**Exercise data**
= Beginning of Section =
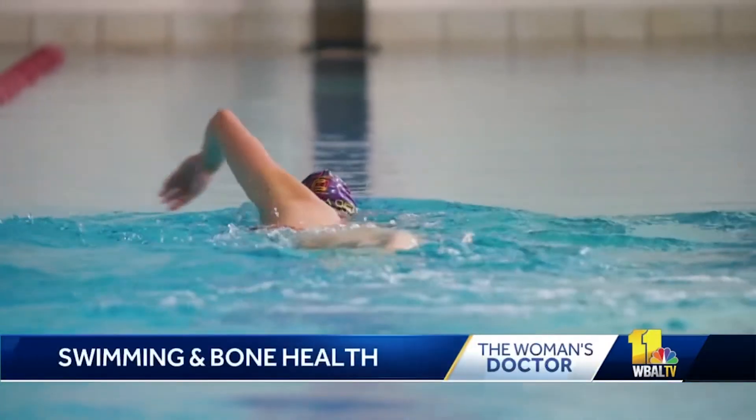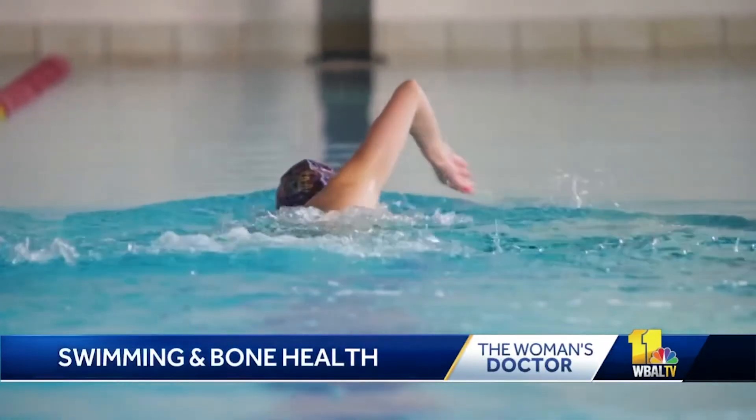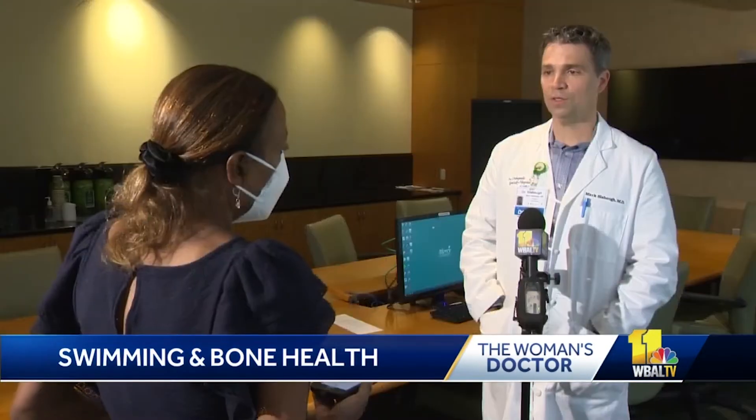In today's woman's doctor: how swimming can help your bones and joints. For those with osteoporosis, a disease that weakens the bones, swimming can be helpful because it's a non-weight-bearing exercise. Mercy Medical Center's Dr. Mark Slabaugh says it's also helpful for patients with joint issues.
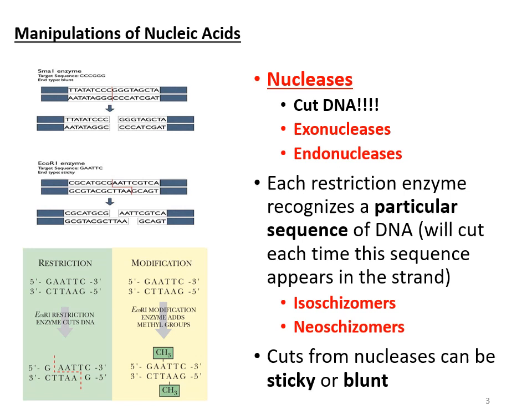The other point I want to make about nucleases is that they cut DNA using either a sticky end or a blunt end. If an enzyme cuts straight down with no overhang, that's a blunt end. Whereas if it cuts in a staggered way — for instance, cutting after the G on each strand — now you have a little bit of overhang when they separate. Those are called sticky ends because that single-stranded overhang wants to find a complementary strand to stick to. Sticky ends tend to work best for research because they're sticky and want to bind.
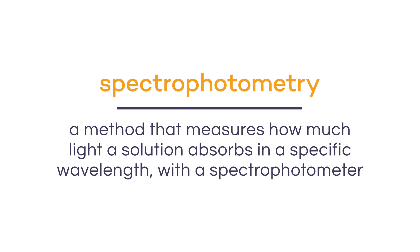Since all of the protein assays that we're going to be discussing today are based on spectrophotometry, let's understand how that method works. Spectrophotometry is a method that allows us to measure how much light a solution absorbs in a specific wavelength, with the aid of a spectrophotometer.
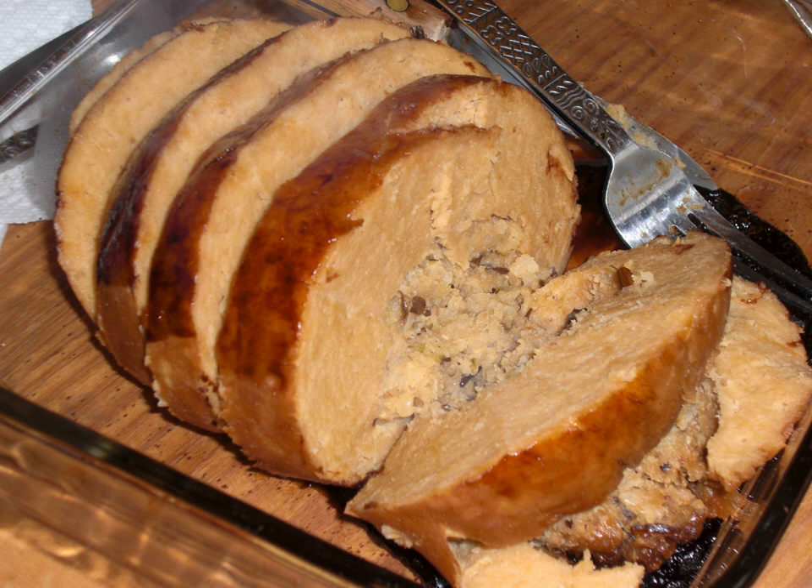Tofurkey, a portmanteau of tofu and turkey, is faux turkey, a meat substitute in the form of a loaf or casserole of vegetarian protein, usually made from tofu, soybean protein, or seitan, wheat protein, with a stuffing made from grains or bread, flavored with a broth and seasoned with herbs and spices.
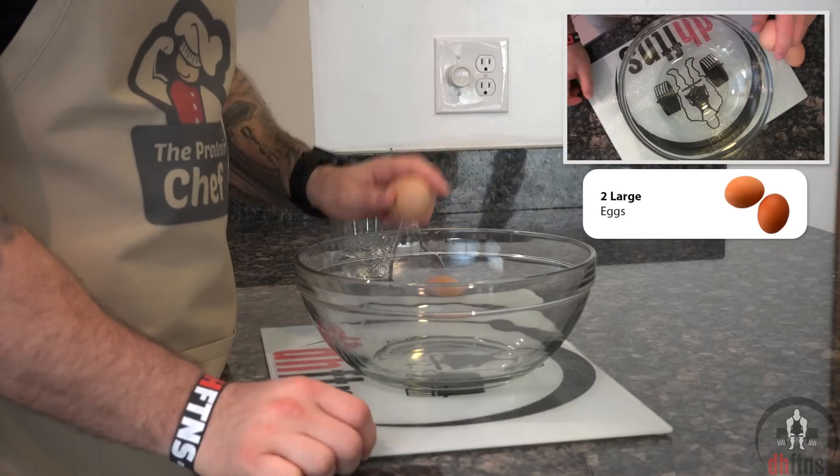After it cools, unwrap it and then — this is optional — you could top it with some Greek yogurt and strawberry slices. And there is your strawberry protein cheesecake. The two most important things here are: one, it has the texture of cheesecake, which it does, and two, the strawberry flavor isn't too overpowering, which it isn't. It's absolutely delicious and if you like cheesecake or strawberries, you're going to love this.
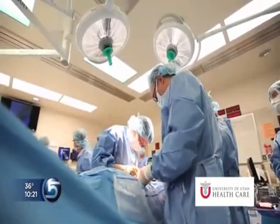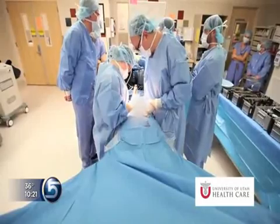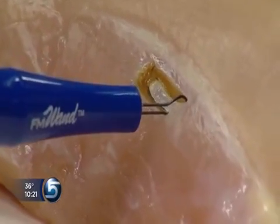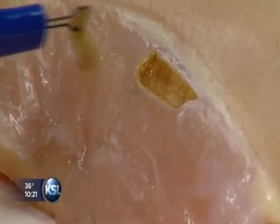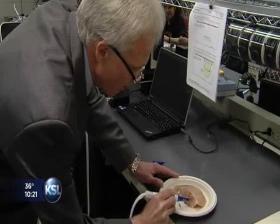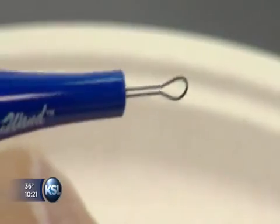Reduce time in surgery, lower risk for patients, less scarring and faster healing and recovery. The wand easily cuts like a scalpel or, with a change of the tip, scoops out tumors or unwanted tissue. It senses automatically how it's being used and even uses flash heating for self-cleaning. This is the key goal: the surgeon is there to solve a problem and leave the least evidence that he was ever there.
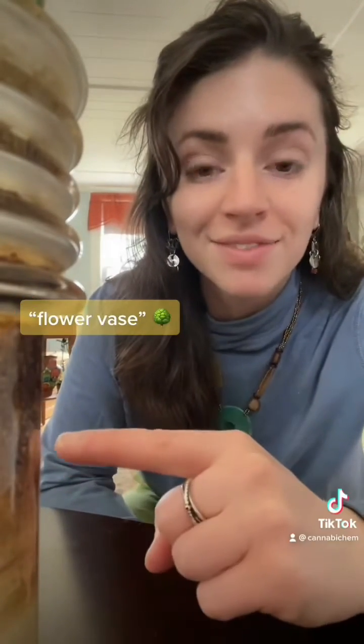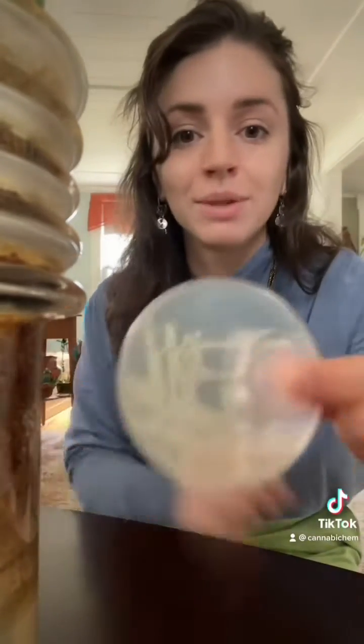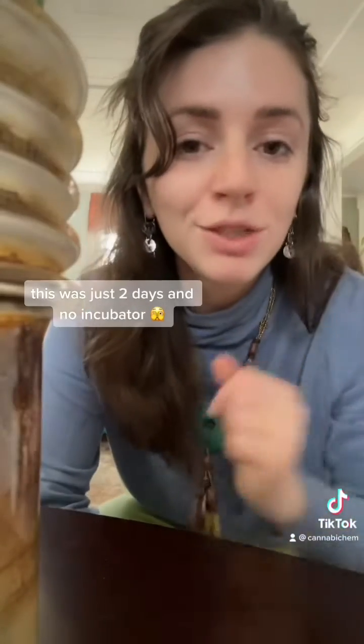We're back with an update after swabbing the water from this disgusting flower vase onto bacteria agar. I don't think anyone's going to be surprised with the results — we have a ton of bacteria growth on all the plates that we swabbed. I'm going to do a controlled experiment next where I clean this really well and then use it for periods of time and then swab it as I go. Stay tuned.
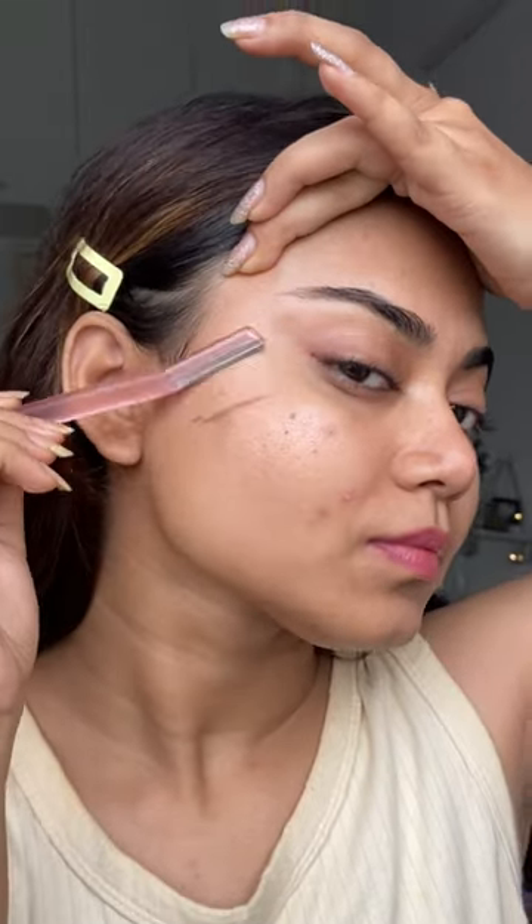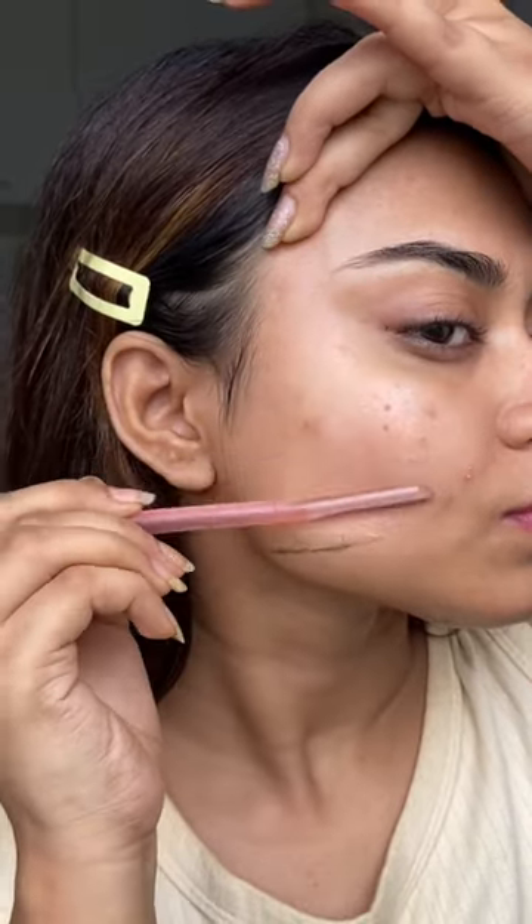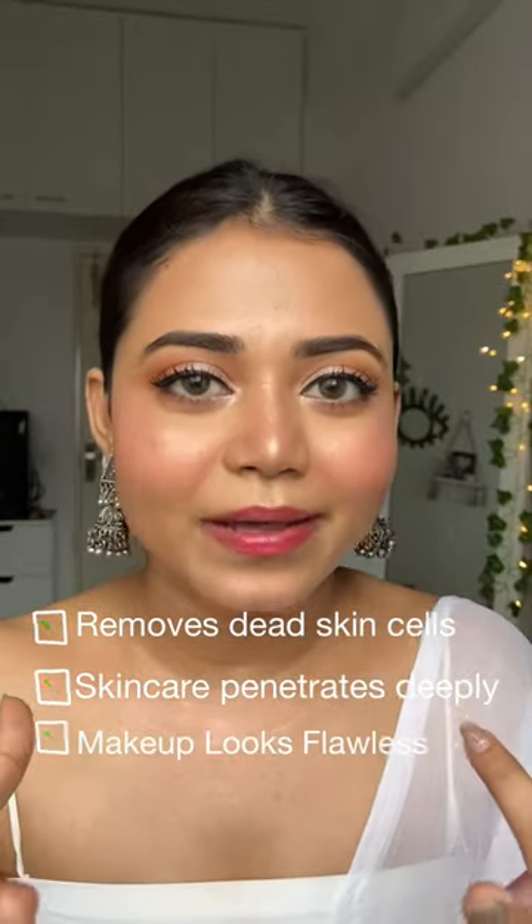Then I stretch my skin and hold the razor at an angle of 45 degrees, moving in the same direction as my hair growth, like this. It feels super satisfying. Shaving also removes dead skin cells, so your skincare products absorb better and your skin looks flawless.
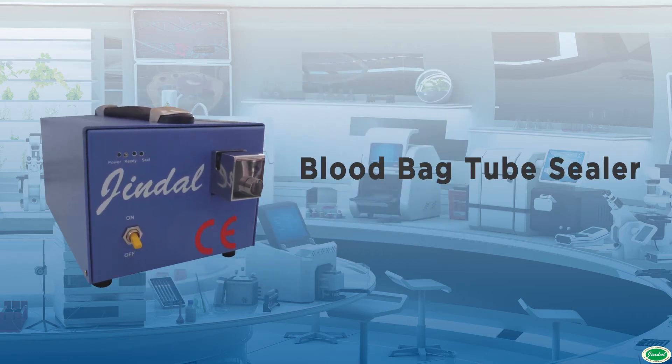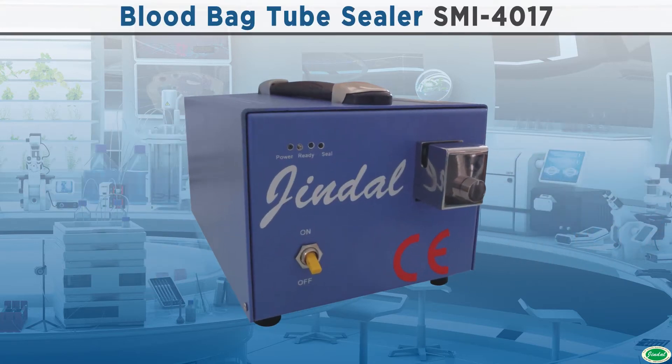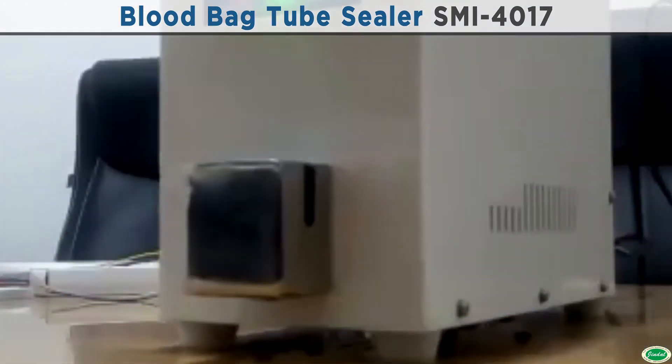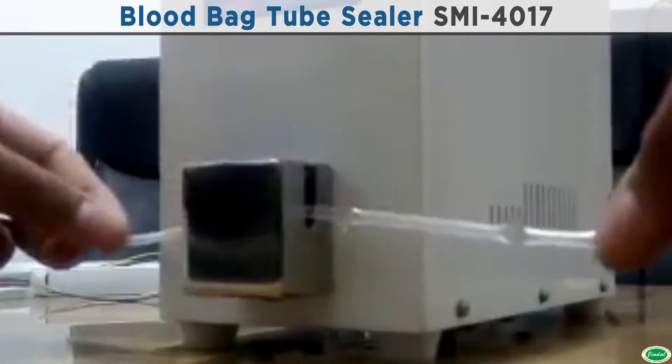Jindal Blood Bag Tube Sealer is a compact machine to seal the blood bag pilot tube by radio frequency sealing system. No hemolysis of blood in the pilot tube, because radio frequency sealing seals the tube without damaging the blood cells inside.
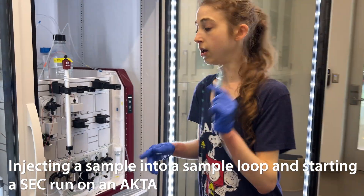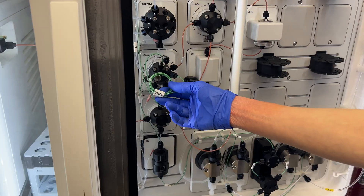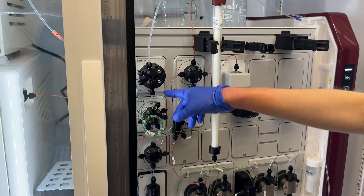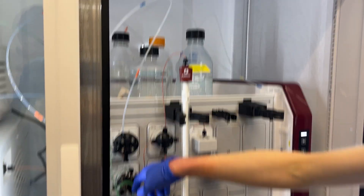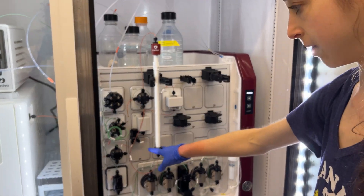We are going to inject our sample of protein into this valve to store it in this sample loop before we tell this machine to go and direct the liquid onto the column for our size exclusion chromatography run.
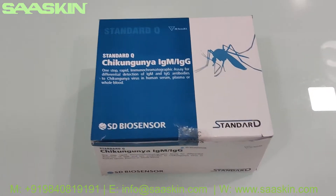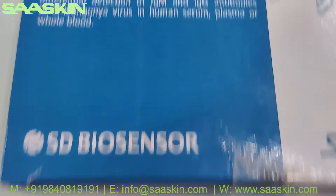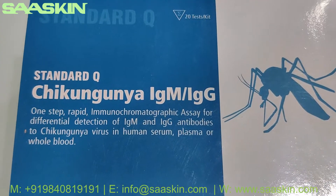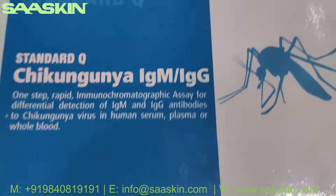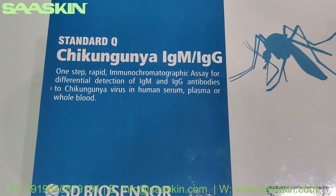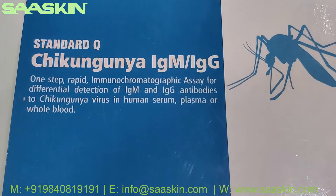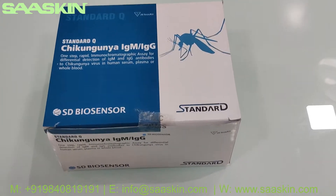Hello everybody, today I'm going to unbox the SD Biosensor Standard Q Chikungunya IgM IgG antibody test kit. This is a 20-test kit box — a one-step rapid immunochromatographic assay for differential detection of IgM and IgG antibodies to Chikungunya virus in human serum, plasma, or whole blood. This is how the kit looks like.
= End of Section =
**Your instructions**
From the records above, extract the lines from the one holding "Tofurkey, a portmanteau" through the one holding "We're back with", word for word; omit the pictures.

**The completed task**
Tofurkey, a portmanteau of tofu and turkey, is faux turkey, a meat substitute in the form of a loaf or casserole of vegetarian protein, usually made from tofu, soybean protein, or seitan, wheat protein, with a stuffing made from grains or bread, flavored with a broth and seasoned with herbs and spices.
After it cools, unwrap it and then — this is optional — you could top it with some Greek yogurt and strawberry slices. And there is your strawberry protein cheesecake. The two most important things here are: one, it has the texture of cheesecake, which it does, and two, the strawberry flavor isn't too overpowering, which it isn't. It's absolutely delicious and if you like cheesecake or strawberries, you're going to love this.
Reduce time in surgery, lower risk for patients, less scarring and faster healing and recovery. The wand easily cuts like a scalpel or, with a change of the tip, scoops out tumors or unwanted tissue. It senses automatically how it's being used and even uses flash heating for self-cleaning. This is the key goal: the surgeon is there to solve a problem and leave the least evidence that he was ever there.
We're back with an update after swabbing the water from this disgusting flower vase onto bacteria agar. I don't think anyone's going to be surprised with the results — we have a ton of bacteria growth on all the plates that we swabbed. I'm going to do a controlled experiment next where I clean this really well and then use it for periods of time and then swab it as I go. Stay tuned.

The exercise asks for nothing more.